(TASK INSTRUCTIONS):
Note on the material below: return exactly the lines from the line that holds "Hooey John Wayne" through the line that holds "Women's Summer Dresses", and leave out each picture.

(EXERCISE INPUTS):
_ _ _ _ _ _ _

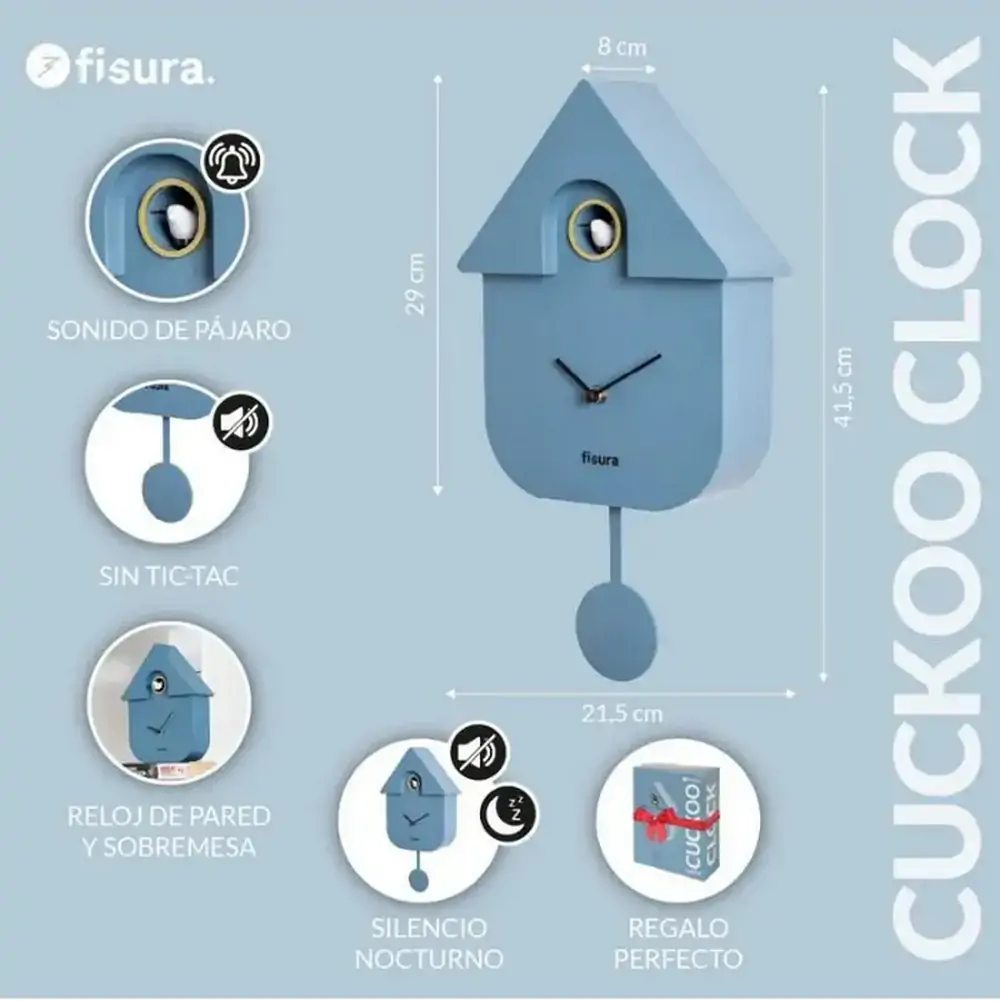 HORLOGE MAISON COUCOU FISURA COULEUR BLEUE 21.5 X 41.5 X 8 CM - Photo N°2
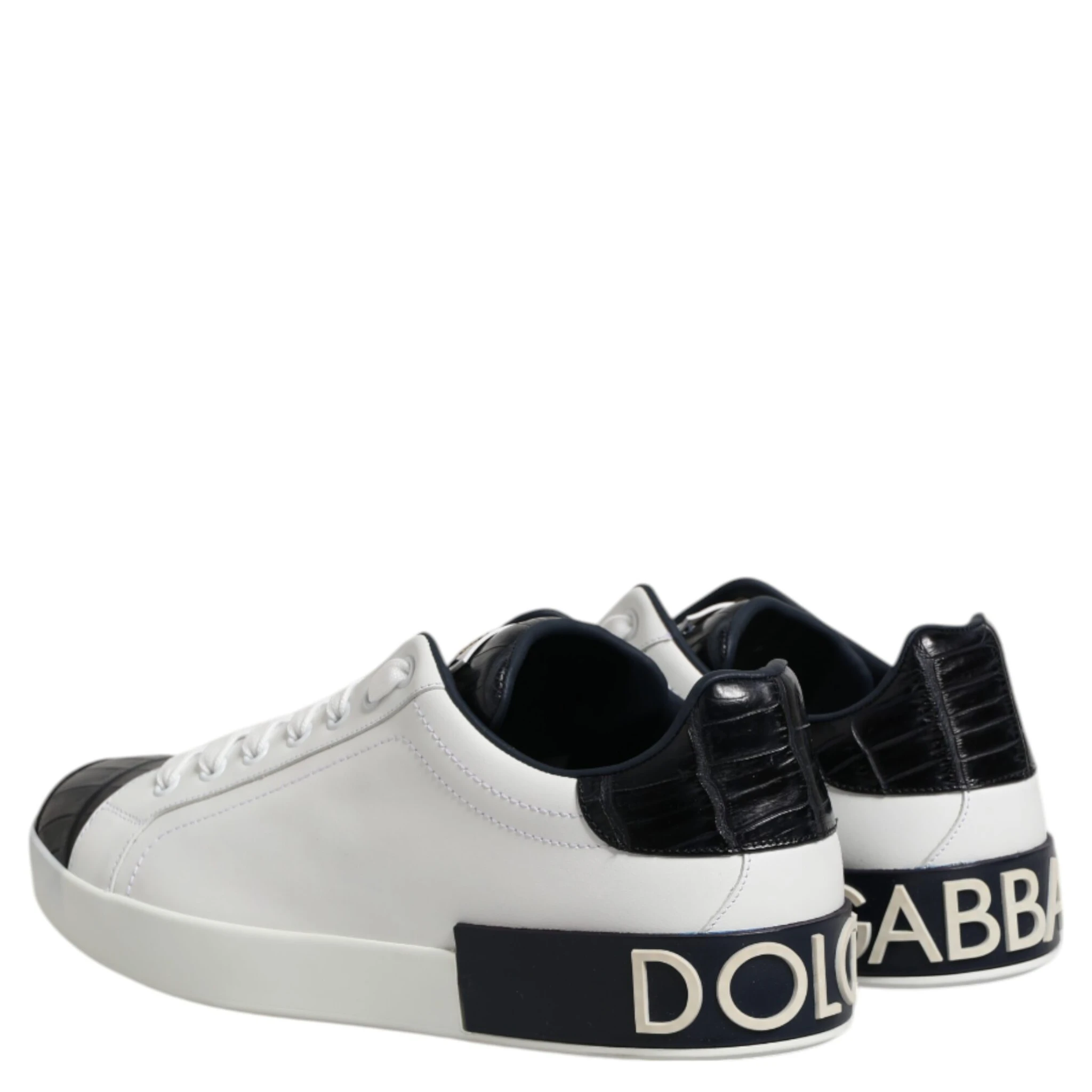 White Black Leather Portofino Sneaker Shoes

_ _ _ _ _ _ _

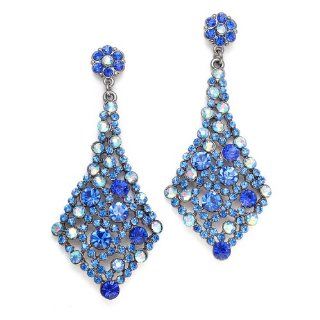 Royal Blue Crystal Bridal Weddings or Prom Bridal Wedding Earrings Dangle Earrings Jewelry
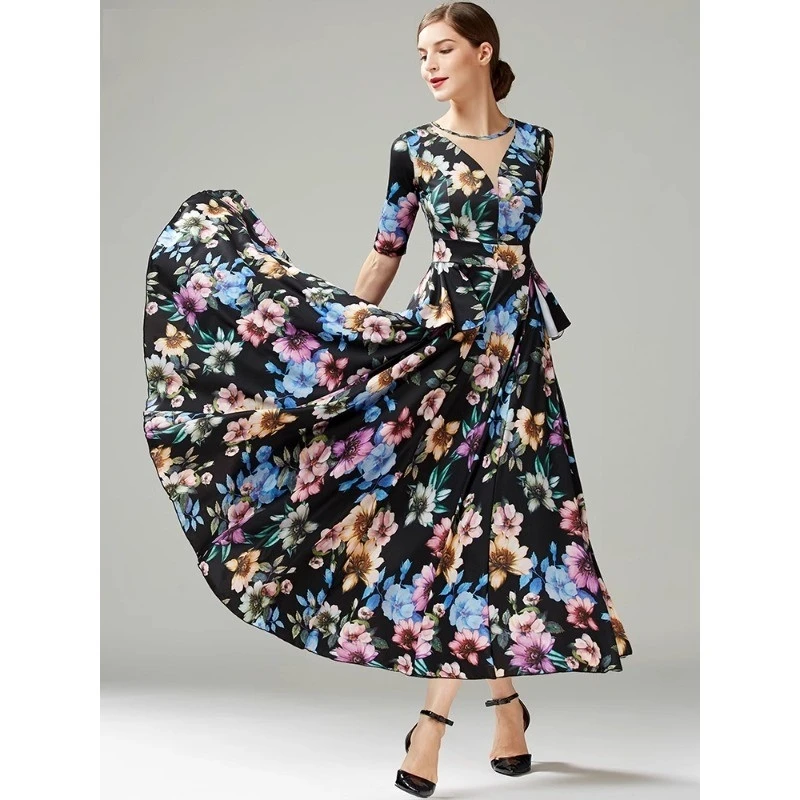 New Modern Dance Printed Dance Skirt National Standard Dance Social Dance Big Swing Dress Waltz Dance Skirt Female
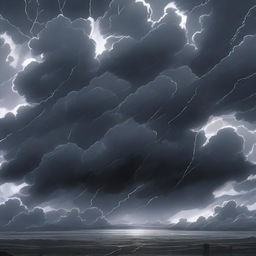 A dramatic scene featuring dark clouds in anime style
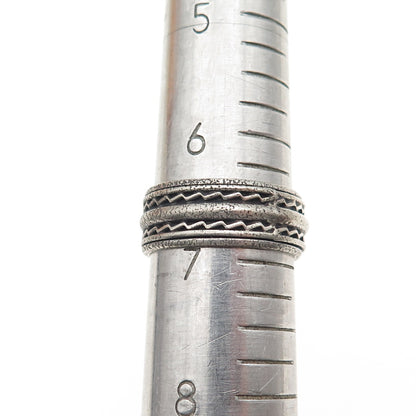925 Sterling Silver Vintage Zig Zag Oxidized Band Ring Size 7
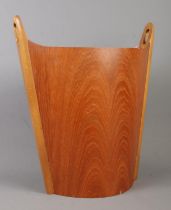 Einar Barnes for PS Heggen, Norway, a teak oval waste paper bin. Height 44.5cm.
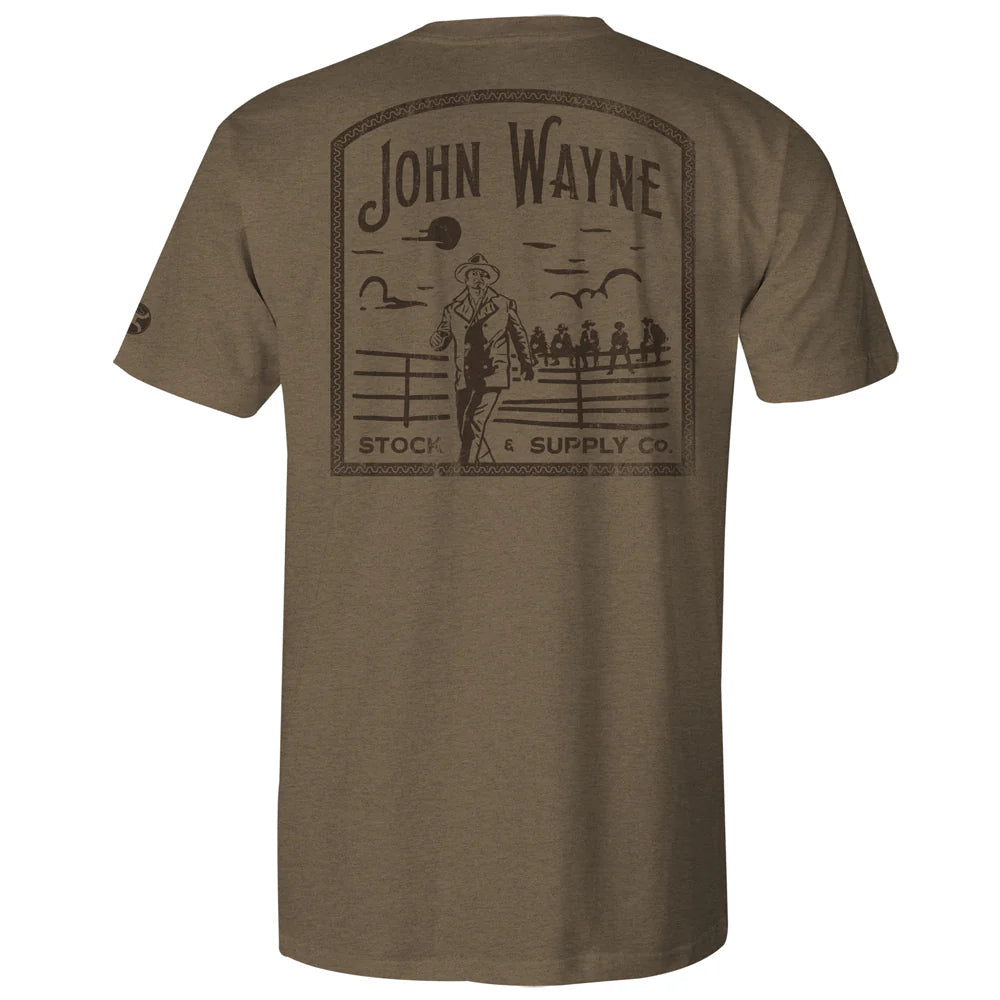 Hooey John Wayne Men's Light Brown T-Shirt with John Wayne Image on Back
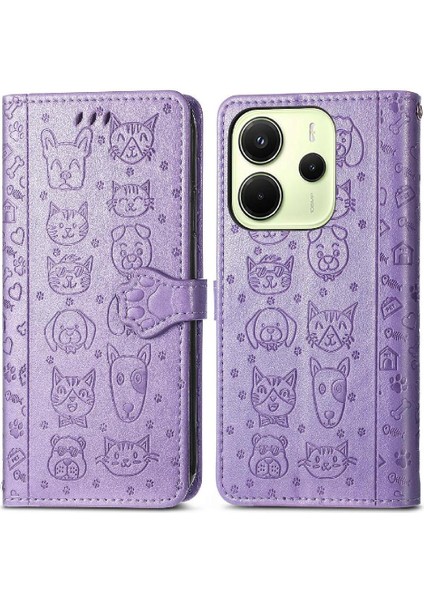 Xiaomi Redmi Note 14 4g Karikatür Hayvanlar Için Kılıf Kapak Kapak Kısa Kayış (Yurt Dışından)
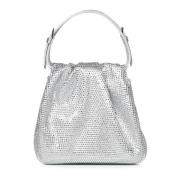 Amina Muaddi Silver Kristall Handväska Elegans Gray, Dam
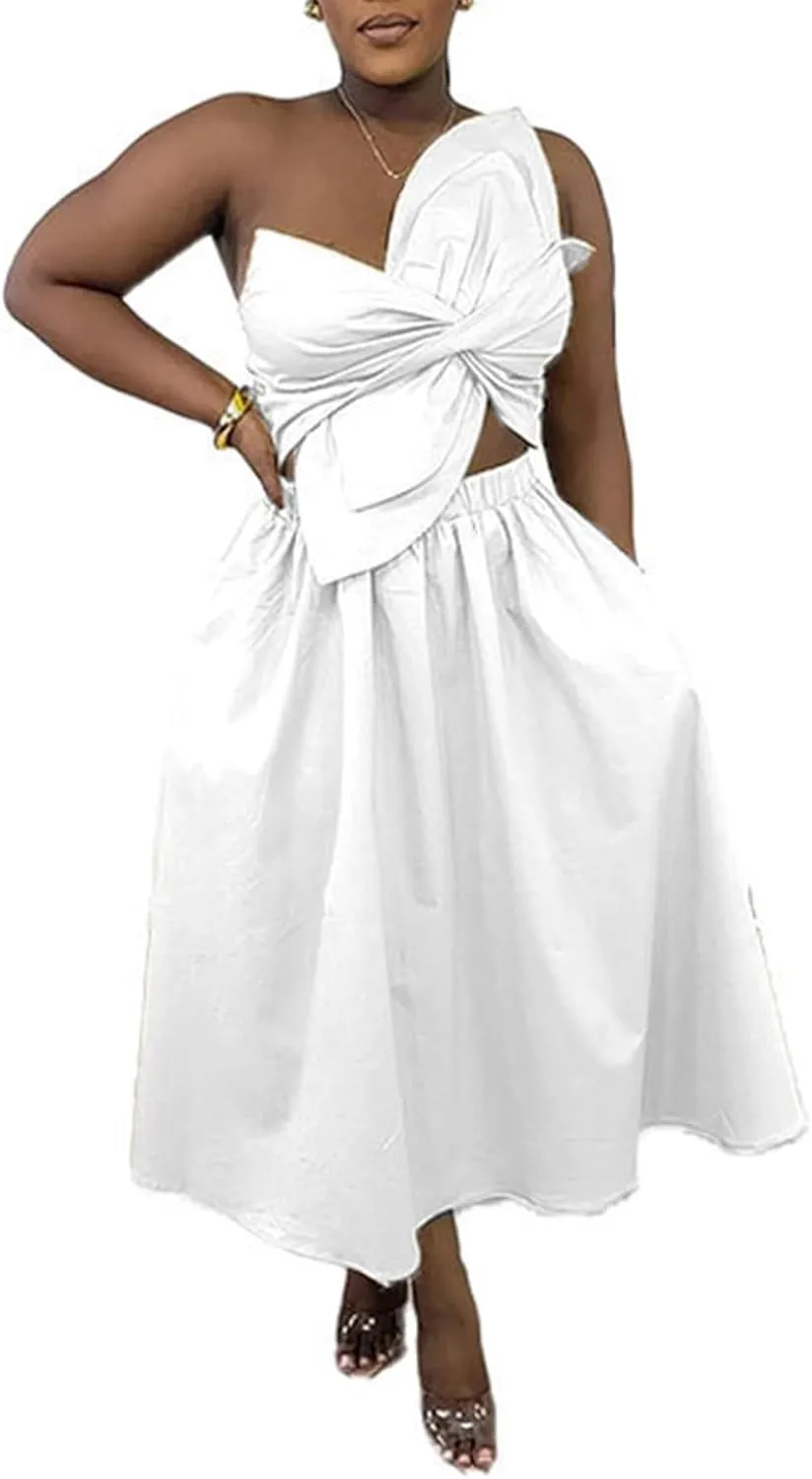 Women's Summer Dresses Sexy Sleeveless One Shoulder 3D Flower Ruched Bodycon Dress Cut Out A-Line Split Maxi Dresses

_ _ _ _ _ _ _

(RESULT OF THIS EXERCISE):
 Hooey John Wayne Men's Light Brown T-Shirt with John Wayne Image on Back
 Xiaomi Redmi Note 14 4g Karikatür Hayvanlar Için Kılıf Kapak Kapak Kısa Kayış (Yurt Dışından)
 Amina Muaddi Silver Kristall Handväska Elegans Gray, Dam
 Women's Summer Dresses Sexy Sleeveless One Shoulder 3D Flower Ruched Bodycon Dress Cut Out A-Line Split Maxi Dresses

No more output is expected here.